Task inputs -
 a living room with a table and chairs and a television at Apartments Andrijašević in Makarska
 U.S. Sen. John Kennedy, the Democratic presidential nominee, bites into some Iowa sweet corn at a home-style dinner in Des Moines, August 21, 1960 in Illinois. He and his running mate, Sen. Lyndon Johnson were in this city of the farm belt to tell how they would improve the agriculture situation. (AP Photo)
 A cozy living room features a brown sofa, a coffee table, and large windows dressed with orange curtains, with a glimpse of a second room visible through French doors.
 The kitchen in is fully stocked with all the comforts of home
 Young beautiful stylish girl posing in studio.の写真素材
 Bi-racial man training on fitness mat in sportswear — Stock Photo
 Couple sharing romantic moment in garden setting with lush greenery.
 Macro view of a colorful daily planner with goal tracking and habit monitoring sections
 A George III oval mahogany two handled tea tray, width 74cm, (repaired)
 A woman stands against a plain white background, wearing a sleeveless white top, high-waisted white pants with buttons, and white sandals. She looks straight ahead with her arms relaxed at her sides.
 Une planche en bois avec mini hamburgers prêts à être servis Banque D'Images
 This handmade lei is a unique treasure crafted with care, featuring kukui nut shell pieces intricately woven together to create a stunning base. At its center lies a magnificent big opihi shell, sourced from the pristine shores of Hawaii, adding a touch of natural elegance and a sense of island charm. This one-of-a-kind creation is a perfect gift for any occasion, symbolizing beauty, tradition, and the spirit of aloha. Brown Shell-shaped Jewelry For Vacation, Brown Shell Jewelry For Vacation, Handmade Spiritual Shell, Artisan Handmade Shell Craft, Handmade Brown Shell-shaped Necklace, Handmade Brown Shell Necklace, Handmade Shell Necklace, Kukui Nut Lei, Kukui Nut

Your goal - Check every line above for the string "table" and copy those that have it.

Completed exercise -
 a living room with a table and chairs and a television at Apartments Andrijašević in Makarska
 A cozy living room features a brown sofa, a coffee table, and large windows dressed with orange curtains, with a glimpse of a second room visible through French doors.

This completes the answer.